Z kolei według kanału na Telegramie "WCzK-OGPU", po eksplozjach z wojskowej bazy w Desantanja wywieziono pod eskortą "duże obiekty przykryte plandekami".
Eksplozje we Władywostoku. HUR zabiera głos
W piątek po południu wojskowy wywiad Ukrainy (HUR) poinformował, że eksplozje były wynikiem ich akcji. Nie ujawniono naturalnie jej szczegółów.

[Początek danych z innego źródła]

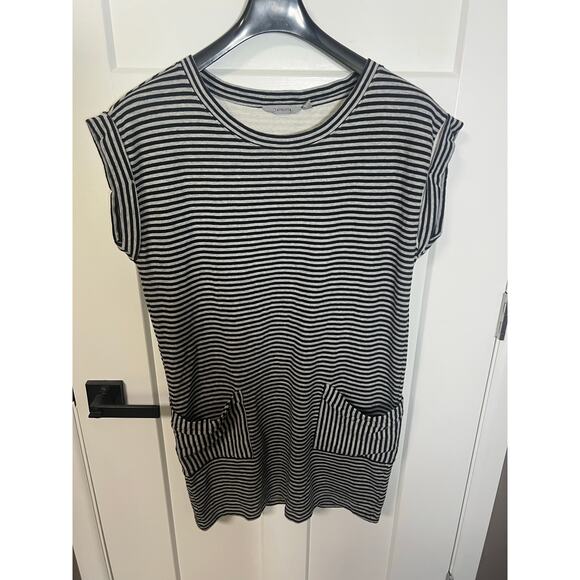 Athleta Ease Up Sweatshirt Dress Short Sleeve Striped Navy SzM Medium Athlesiure - Picture 3 of 9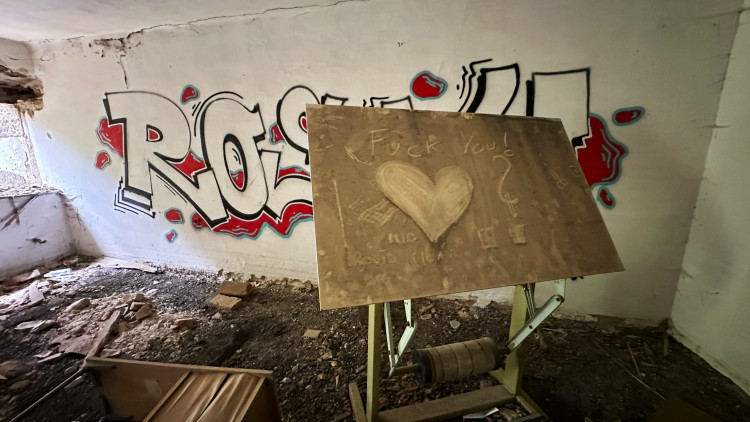 FOTOGALERIE: Urbex v bývalé šumavské papírně v Hamrech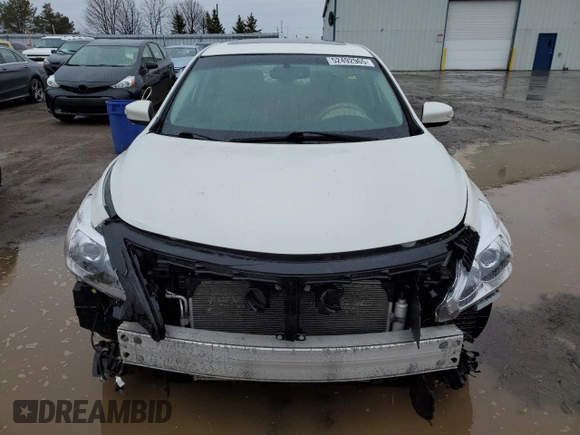 2015 Nissan Altima SL with VIN 1N4AL3AP4FN399599, listed as a Copart auction lot 52492965 with 303,515 mi miles and Clean Title. Bid and sale history available at DreamBid. Image 5.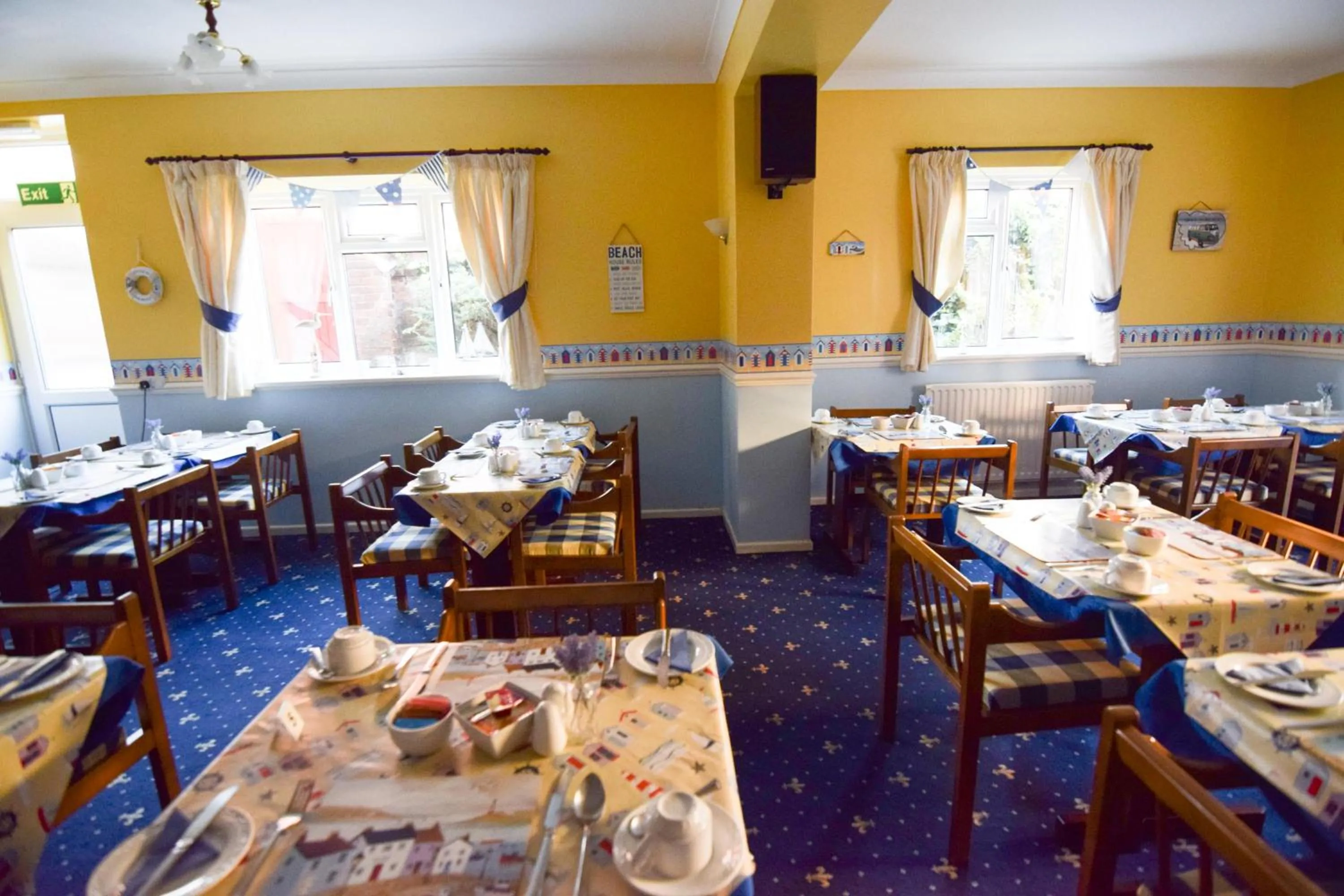 Photo of the whole room in Eastbourne Reymar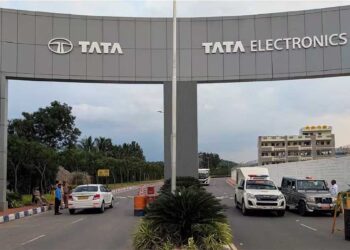 छंटनी के बीच टाटा ग्रुप की गुड न्यूज, Tata Electronics में 15000 लोगों को मिलेगी नौकरी, होसुर प्लांट में होगी हायरिंग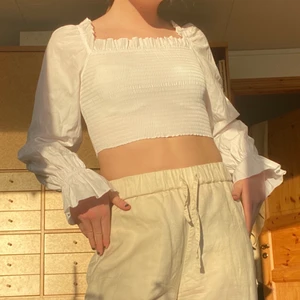 Vit topp från NAKD - Säljer supersöt topp från NAKD i storlek 36! Endast använd 1 gång!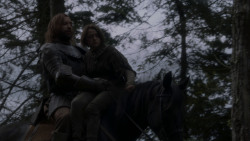extant_GameOfThrones_4x01-TwoSwords_5222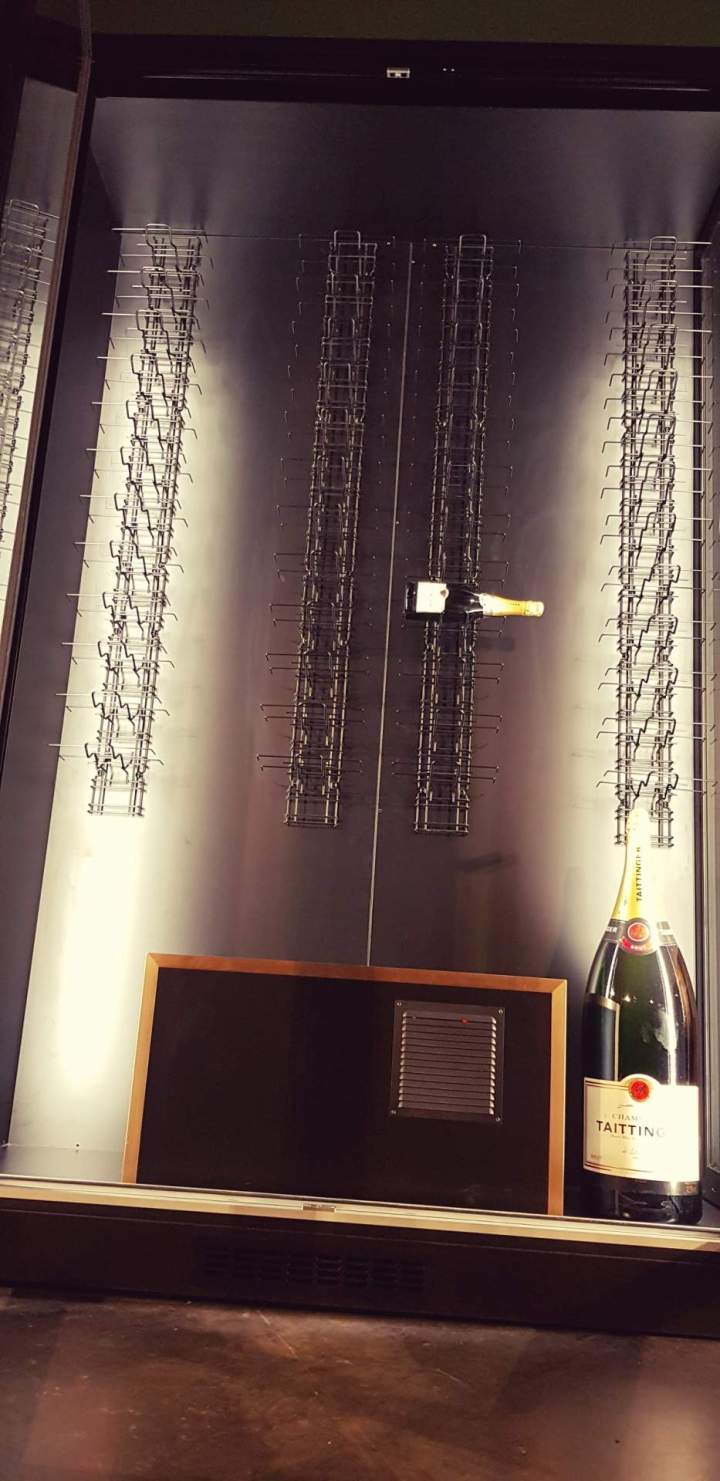 Custom Wine Cellar Installation Lyon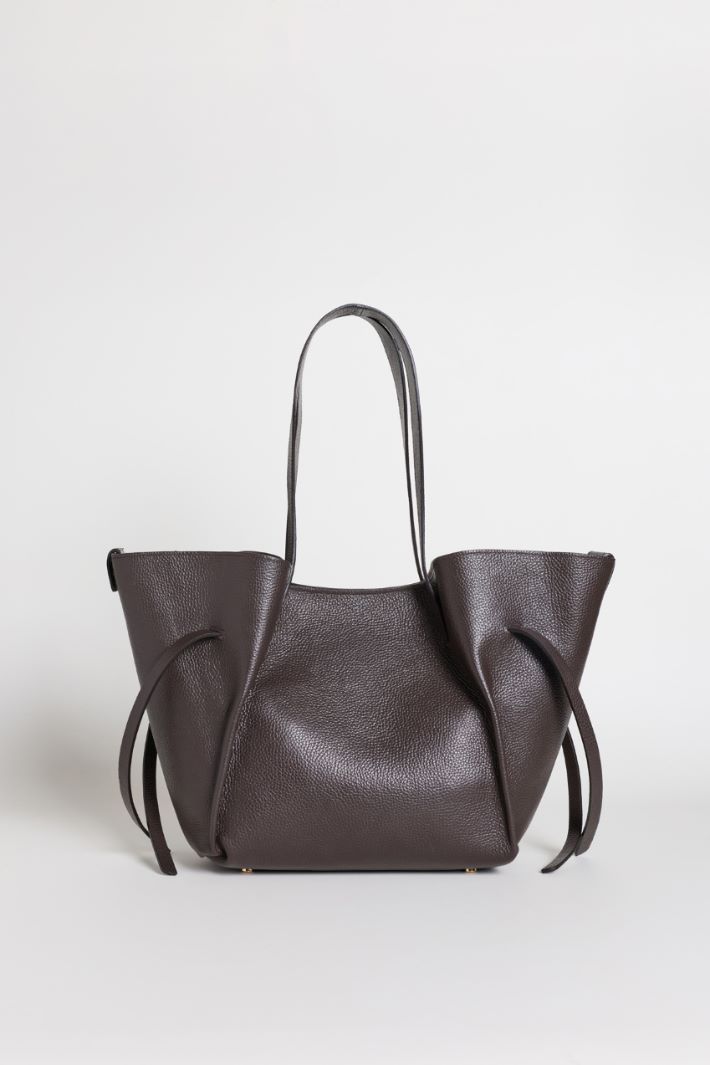 Leather trapeze bag - BROWN - Intrend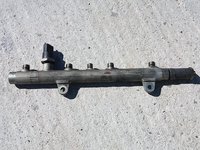 Rampa injectoare cu senzor presiune Renault Laguna 2 1.9 DCi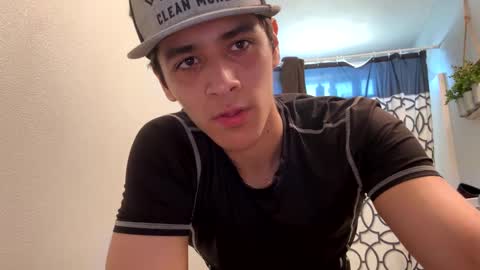 Snapshot of jteeeuhh chatting on 26, 2, 2025 JteePt2 online show from 26, 2, 2025
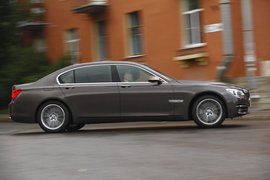 2013款宝马750Li俄罗斯试驾实拍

"Co najmniej dwie eksplozje miały miejsce w rejonie rozmieszczenia 47. Samodzielnego Batalionu Desantowo-Szturmowego z 155. Samodzielnej Gwardyjskiej Brygady Piechoty Morskiej (jednostka wojskowa 30926). Jeden z wybuchów nastąpił w okolicy punktu kontrolnego, drugi w miejscu stacjonowania personelu i dowództwa jednostki wojskowej. W wyniku ataku wyeliminowano żołnierzy oraz zniszczono sprzęt wojskowy i specjalistyczny” – czytamy w komunikacie przekazanym serwisowi Ukraińska Prawda.
Rosyjska 155. Brygada Piechoty Morskiej brała aktywny udział w wojnie przeciwko Ukrainie. Potwierdzono jej udział w bitwach o Mariupol, Wuhłedar i w obwodzie kurskim.